29 Aug
29Aug

Stay in control - like my life depends on it! Traveling by canoe calls me out on this every time. When you’re on a river, you really don’t know what is around the next bend. 

"Trust the world to carry me and show me where to flow along" (from "For Nalini") can be so hard to do.

We have three big, waterproof Ortlieb sacks; five plastic barrels; a Coleman cooler; three water bags.  All our essentialities, methodically packed up according to purpose and plan: the very idea that any of these innumerable objects could end up in the „wrong“ place fills me with a nervous dread. Take things out, put them back in the proper order! Don’t let the cooking oil anywhere near the barrel of (still) dry, clean clothes! Put shoes in their proper plastic bags before putting them in the barrel labelled „shoes“! I want to be able to locate the bug spray on the first try (In the baggie with the sunscreen, lavender oil, chapstick and disinfectant spray - in the small, white barrel, towards the top). 
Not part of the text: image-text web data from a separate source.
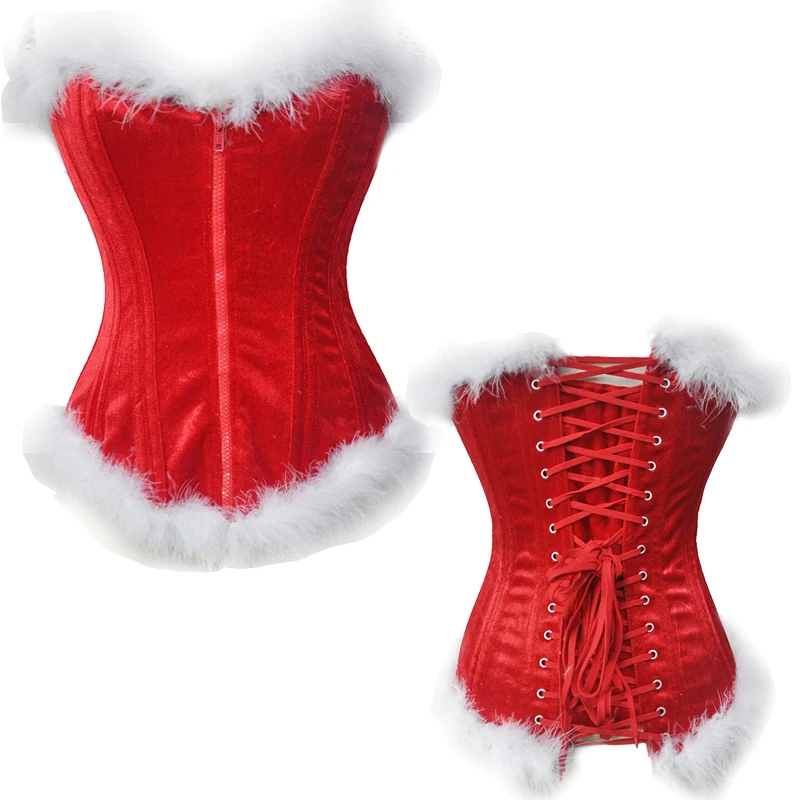TaFiY сексуальный Рождественский стальной корсет для женщин Miss Santa Бюстье Топ с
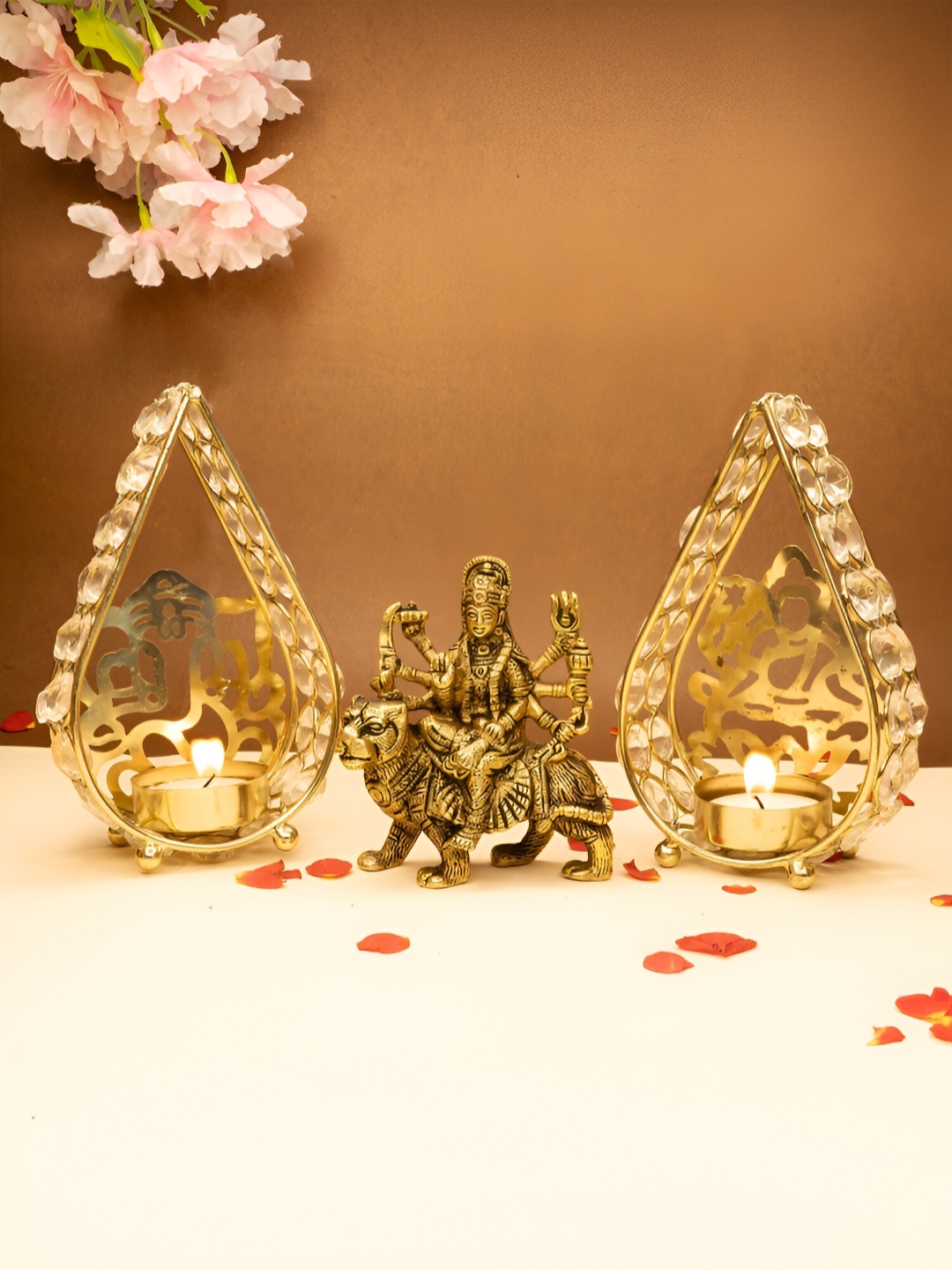 

Ekhasa Gold Toned 3 Pieces Pure Brass Durga Maa Idol & Tealight Candle Holders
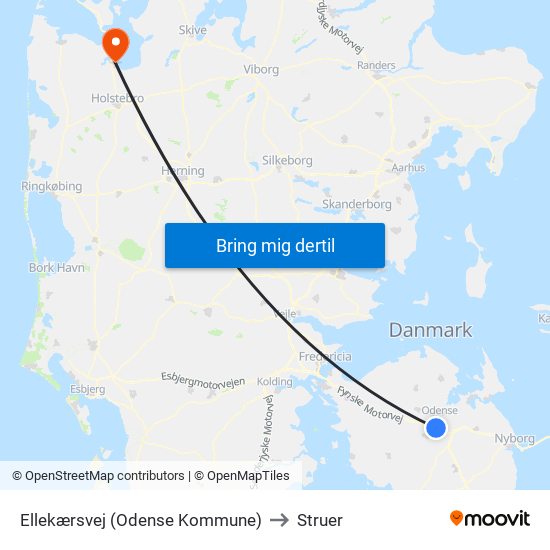Ellekærsvej (Odense Kommune) to Struer map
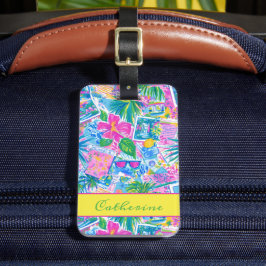 Etiqueta De Bagagem Cartões Postais de Praia Tropical Personalizados
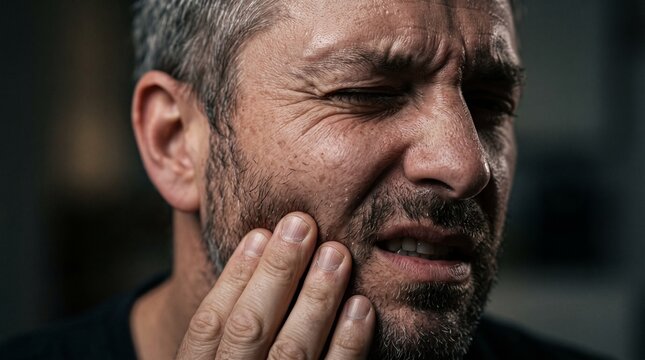 Middle-aged man suffering from severe toothache or jaw pain holding his cheek with hand in dental distress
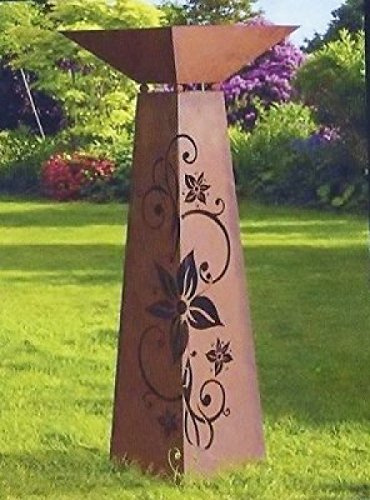 Edelrost Säule/Konus Lilienornament mit Schale im SET 96cm x 30cm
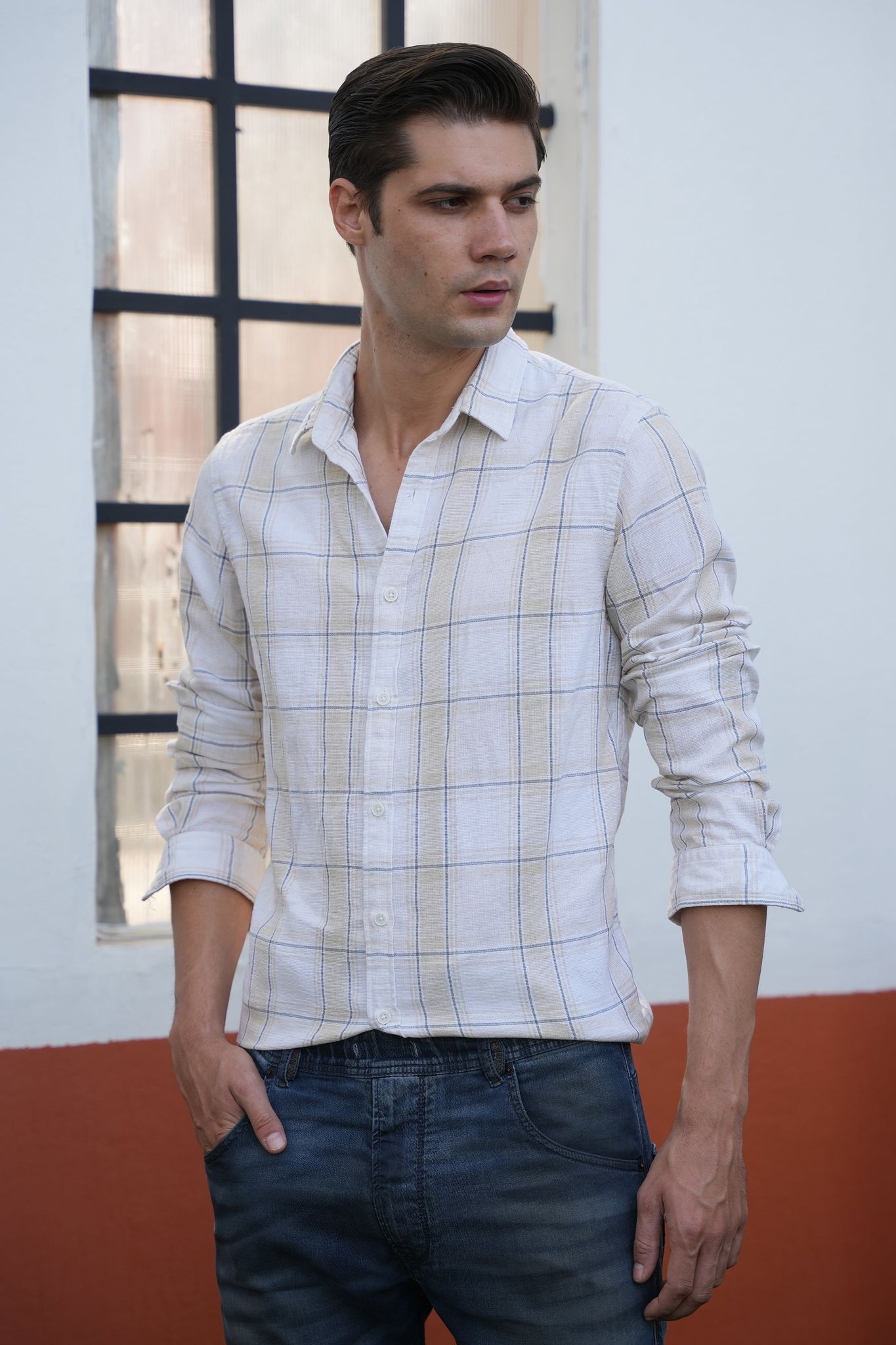 Casper - Cotton Check Shirt - Cream-S-38 / CREAM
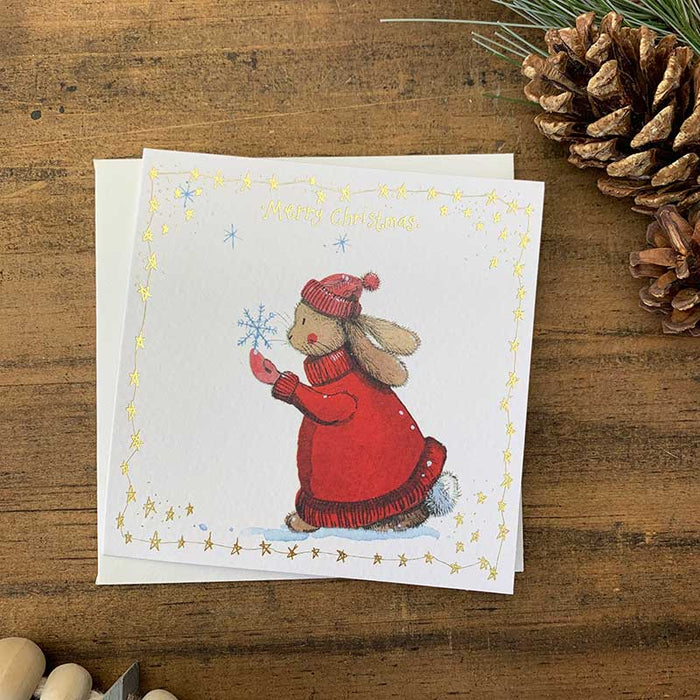 Alex Clark Rabbit and Snowflake Little Boxed Foiled Cards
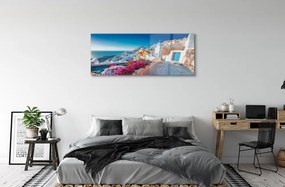 Üvegképek Épületek Görögország tenger virág 125x50 cm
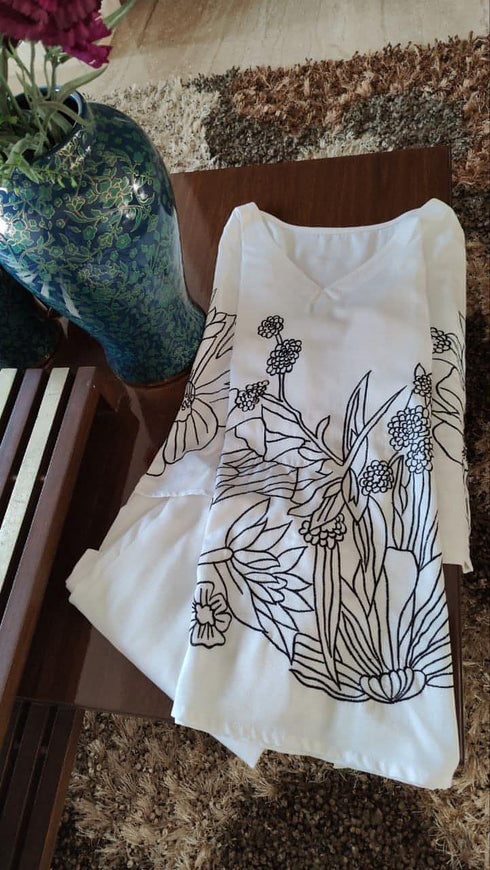 White Black Flower Embroidery Coord Set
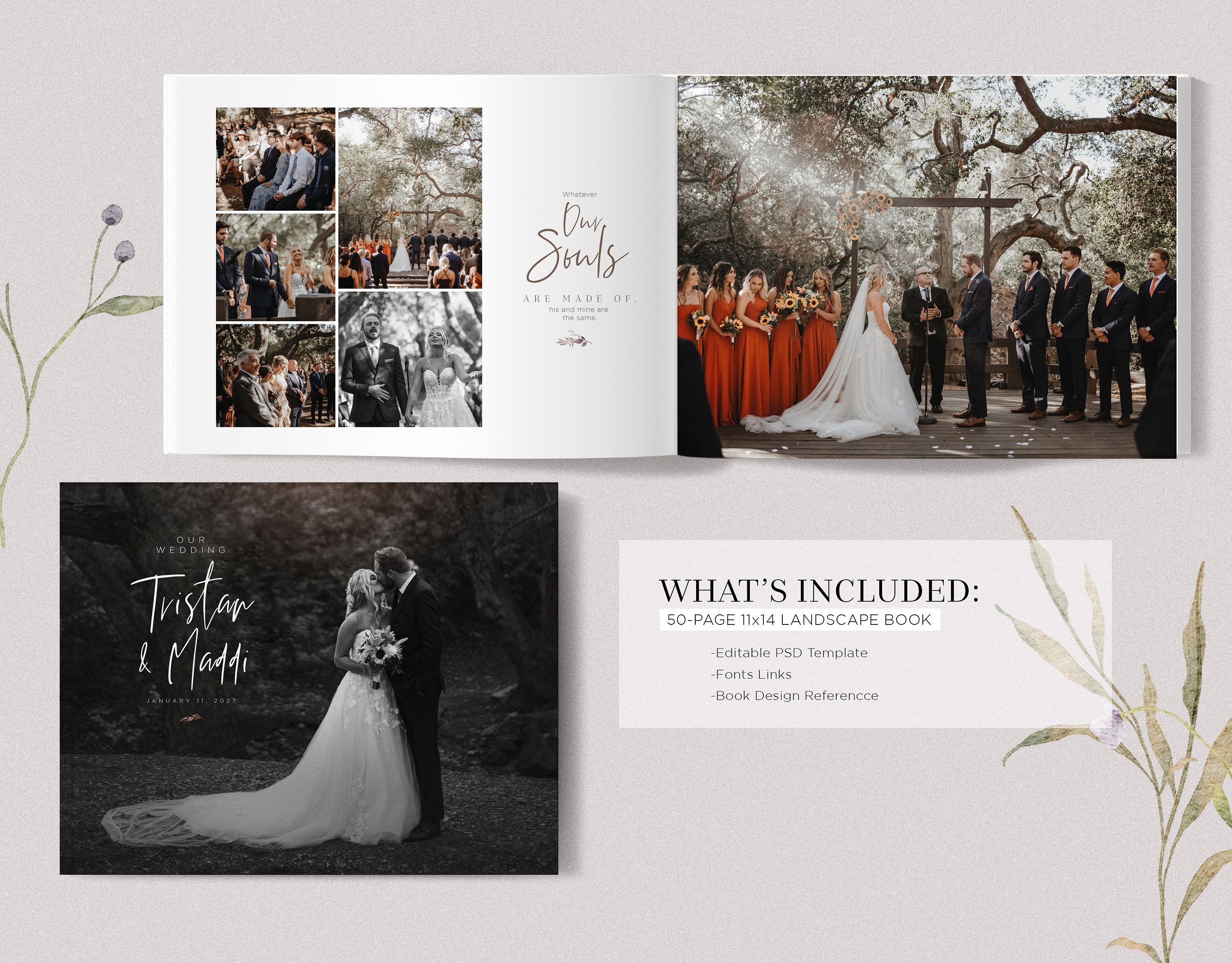 Minimalist 11x14 LANDSCAPE Wedding Album Template, 50-page Cover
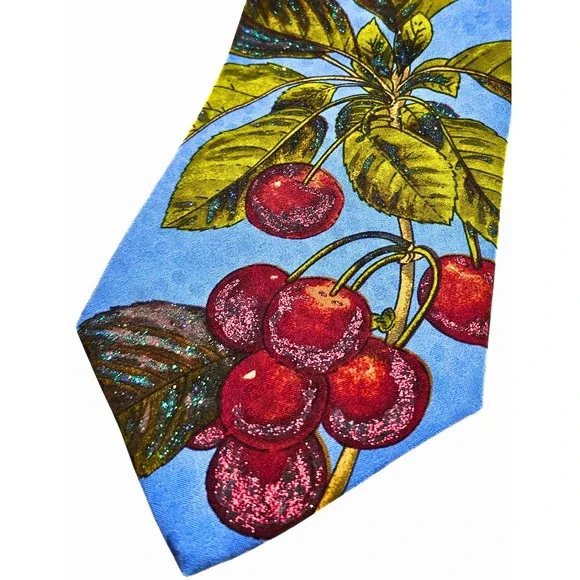 Vintage Rare Yves Saint Laurent Silk Tie‎ – Blue Cherry Print w/ Sparkle Accents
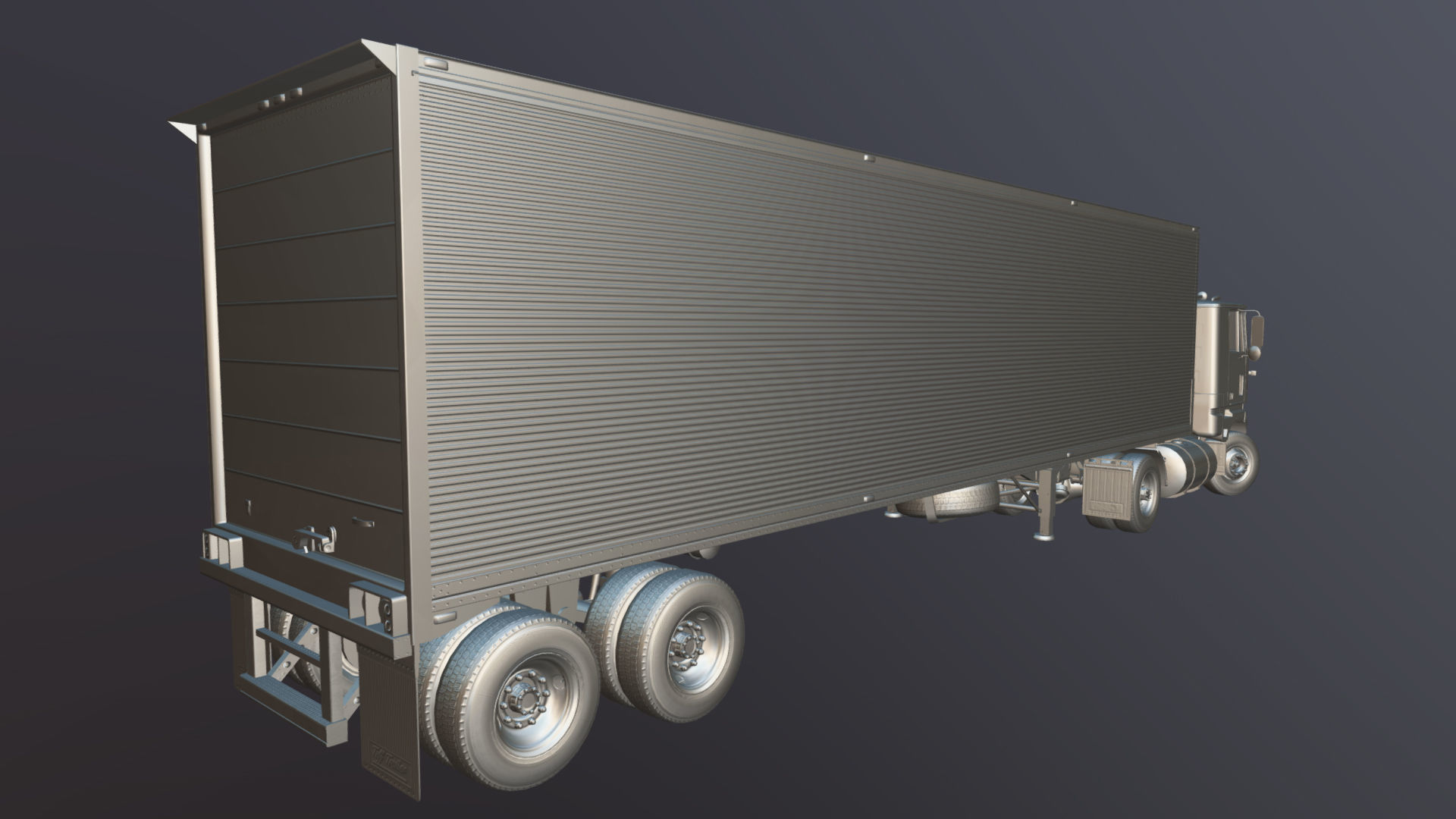 Cabover tracktor semitrailer Low-poly 3D model_47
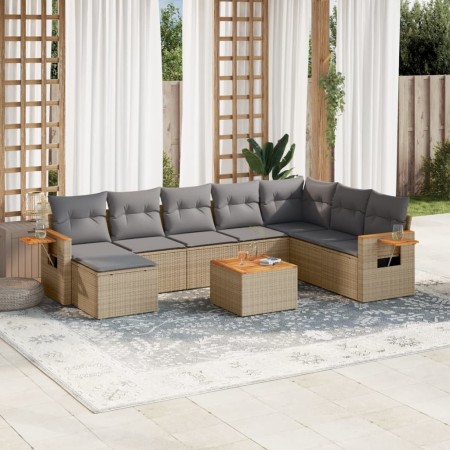 Set de sofás de jardín 9 pzas con cojines ratán sintético beige de , Conjuntos de jardín - Ref: Foro24-3259497, Precio: 562,4...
Yet after the first time we set up and break camp, things have inevitably mixed themselves up a little. 

My theory is that if I pack well, logically, finding things won’t cost as much mental effort. But that discounts all the effort I put into maintaining order and devising ways to improve the system. How much energy and joy do I lose over worrying about whether my husband has put things back where they „belong“? Would it really be so bad to relax my hold on things and let entropy do its thing? 

Is it always life-threatening to lose your grip? 

A line from a Susan Werner song keeps running through my head: "So heavy when you're holding up the ceiling - ain't it better just to let things fall?"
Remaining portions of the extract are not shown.